Re: ISO 8859-11 (Thai) cross-mapping table

From: John Cowan (
Date: Tue Oct 08 2002 - 12:35:08 EDT

  • Next message: Patrick Andries: "Re: InDesign"

    Mark Davis scripsit:

    > We use this structure in ICU (in UnicodeSet). For a high-level explanation,
    > see my site (, "Bits of Unicode".

    Inversion lists, yes. (Different terminology, same thing).

    > As to the binary search, we have used in various contexts before a
    > "completely unrolled" binary loop, following John Bentley's formulation.

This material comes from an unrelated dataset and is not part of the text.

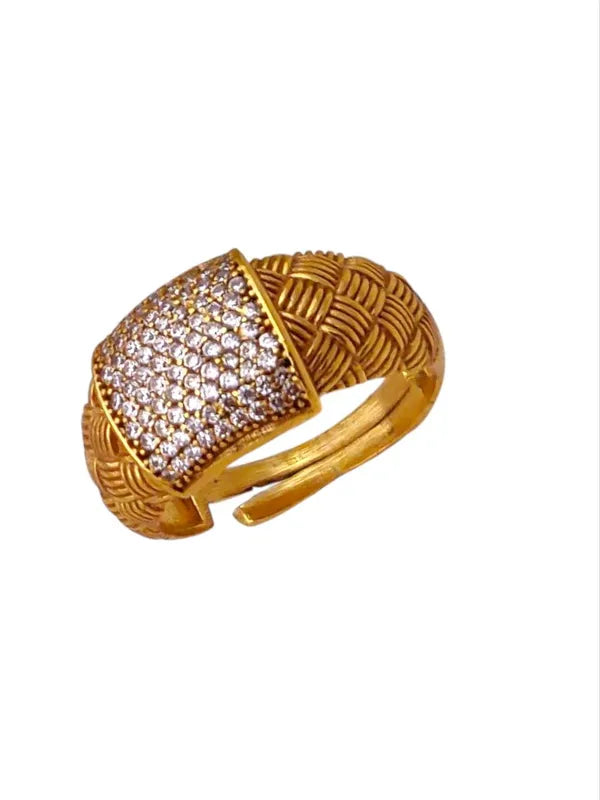 Rajwadi Ring with Premium Quality Diamonds for Boys & Men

    Ah, that's a different kind. I was talking about recursive unrolling, with
    the content of the data structure appearing as constants in the code.
    Naturally, this is barbarian-style programming, should really be done with a
    program generator, and if not, is suitable only for circumstances where the
    values never change. But consider the inversion list for Latin letters:

            0041 005B 0222 0234
            0061 007B 1E00 1E9C
            00C0 00D7 1EA0 1EFA
            00D8 00F7 FF21 FF3B
            00F8 0220 FF41 FF5B

    you can unwrap the binary search as:

            if (u < 0x0220) {
                if (u < 0x00C0) {
                    if (u < 0x0061) {
                        if (u < 0x005B) return !(u < 0x0041);
                        else return false;
                    else return u < 0x007B;
                else {
                    if (u < 0x00F7) {
                        if (u < 0x00D8) return u < 0x00D7;
                        else return false;
                    else return !(u < 0x00F8);
            else { ... # and so on for the other half

    If the list is too long, this code also suffers because it overflows the
    instruction cache.

    Said Agatha Christie / To E. Philips Oppenheim	John Cowan
    "Who is this Hemingway? / Who is this Proust?
    Who is this Vladimir / Whatchamacallum,
    This neopostrealist / Rabble?" she groused.
    	--author unknown to me; any suggestions?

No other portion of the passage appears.